The line that contains "Calça jeans jogger confortável - Azul claro" marks the end: retype the data below exactly from its first line through that line.

Caption-style text data:

[Start of section]

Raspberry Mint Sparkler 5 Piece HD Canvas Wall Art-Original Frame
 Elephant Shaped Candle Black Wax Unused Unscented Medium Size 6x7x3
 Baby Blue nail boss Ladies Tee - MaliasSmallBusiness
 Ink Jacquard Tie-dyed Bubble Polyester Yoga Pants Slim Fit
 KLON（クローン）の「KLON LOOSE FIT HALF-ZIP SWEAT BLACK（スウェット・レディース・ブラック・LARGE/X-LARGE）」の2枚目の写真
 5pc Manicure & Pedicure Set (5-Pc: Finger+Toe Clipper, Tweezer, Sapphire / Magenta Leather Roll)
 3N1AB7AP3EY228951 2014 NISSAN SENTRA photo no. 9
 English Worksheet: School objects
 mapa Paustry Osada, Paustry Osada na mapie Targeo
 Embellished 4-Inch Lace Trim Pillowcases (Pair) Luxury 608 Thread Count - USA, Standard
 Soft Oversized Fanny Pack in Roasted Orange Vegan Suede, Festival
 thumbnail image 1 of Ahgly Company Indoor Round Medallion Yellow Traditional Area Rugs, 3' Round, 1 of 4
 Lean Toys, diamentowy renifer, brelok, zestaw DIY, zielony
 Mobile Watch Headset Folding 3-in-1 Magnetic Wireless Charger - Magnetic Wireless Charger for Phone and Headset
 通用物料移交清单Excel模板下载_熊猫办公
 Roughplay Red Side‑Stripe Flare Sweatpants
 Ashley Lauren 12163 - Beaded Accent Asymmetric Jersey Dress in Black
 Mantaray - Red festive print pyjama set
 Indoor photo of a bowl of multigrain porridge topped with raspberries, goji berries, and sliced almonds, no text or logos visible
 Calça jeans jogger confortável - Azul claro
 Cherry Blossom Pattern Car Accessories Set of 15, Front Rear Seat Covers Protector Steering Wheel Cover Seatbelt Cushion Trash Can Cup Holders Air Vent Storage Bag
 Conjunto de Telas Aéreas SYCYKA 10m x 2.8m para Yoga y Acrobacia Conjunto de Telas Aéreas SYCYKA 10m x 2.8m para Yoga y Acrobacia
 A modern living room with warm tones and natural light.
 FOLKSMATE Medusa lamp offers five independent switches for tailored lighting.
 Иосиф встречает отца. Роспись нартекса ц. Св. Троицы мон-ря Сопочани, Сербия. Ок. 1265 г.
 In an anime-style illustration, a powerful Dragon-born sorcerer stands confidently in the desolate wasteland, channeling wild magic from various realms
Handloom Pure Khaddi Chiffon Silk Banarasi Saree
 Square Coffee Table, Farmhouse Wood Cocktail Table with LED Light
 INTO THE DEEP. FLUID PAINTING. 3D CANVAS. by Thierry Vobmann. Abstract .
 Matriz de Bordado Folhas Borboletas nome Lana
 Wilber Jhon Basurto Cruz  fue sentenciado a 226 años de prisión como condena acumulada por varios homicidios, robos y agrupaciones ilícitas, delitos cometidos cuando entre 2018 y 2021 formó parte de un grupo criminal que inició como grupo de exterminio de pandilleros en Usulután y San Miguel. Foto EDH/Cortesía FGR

[End of section]

■ **RESPONSE AREA**
Raspberry Mint Sparkler 5 Piece HD Canvas Wall Art-Original Frame
 Elephant Shaped Candle Black Wax Unused Unscented Medium Size 6x7x3
 Baby Blue nail boss Ladies Tee - MaliasSmallBusiness
 Ink Jacquard Tie-dyed Bubble Polyester Yoga Pants Slim Fit
 KLON（クローン）の「KLON LOOSE FIT HALF-ZIP SWEAT BLACK（スウェット・レディース・ブラック・LARGE/X-LARGE）」の2枚目の写真
 5pc Manicure & Pedicure Set (5-Pc: Finger+Toe Clipper, Tweezer, Sapphire / Magenta Leather Roll)
 3N1AB7AP3EY228951 2014 NISSAN SENTRA photo no. 9
 English Worksheet: School objects
 mapa Paustry Osada, Paustry Osada na mapie Targeo
 Embellished 4-Inch Lace Trim Pillowcases (Pair) Luxury 608 Thread Count - USA, Standard
 Soft Oversized Fanny Pack in Roasted Orange Vegan Suede, Festival
 thumbnail image 1 of Ahgly Company Indoor Round Medallion Yellow Traditional Area Rugs, 3' Round, 1 of 4
 Lean Toys, diamentowy renifer, brelok, zestaw DIY, zielony
 Mobile Watch Headset Folding 3-in-1 Magnetic Wireless Charger - Magnetic Wireless Charger for Phone and Headset
 通用物料移交清单Excel模板下载_熊猫办公
 Roughplay Red Side‑Stripe Flare Sweatpants
 Ashley Lauren 12163 - Beaded Accent Asymmetric Jersey Dress in Black
 Mantaray - Red festive print pyjama set
 Indoor photo of a bowl of multigrain porridge topped with raspberries, goji berries, and sliced almonds, no text or logos visible
 Calça jeans jogger confortável - Azul claro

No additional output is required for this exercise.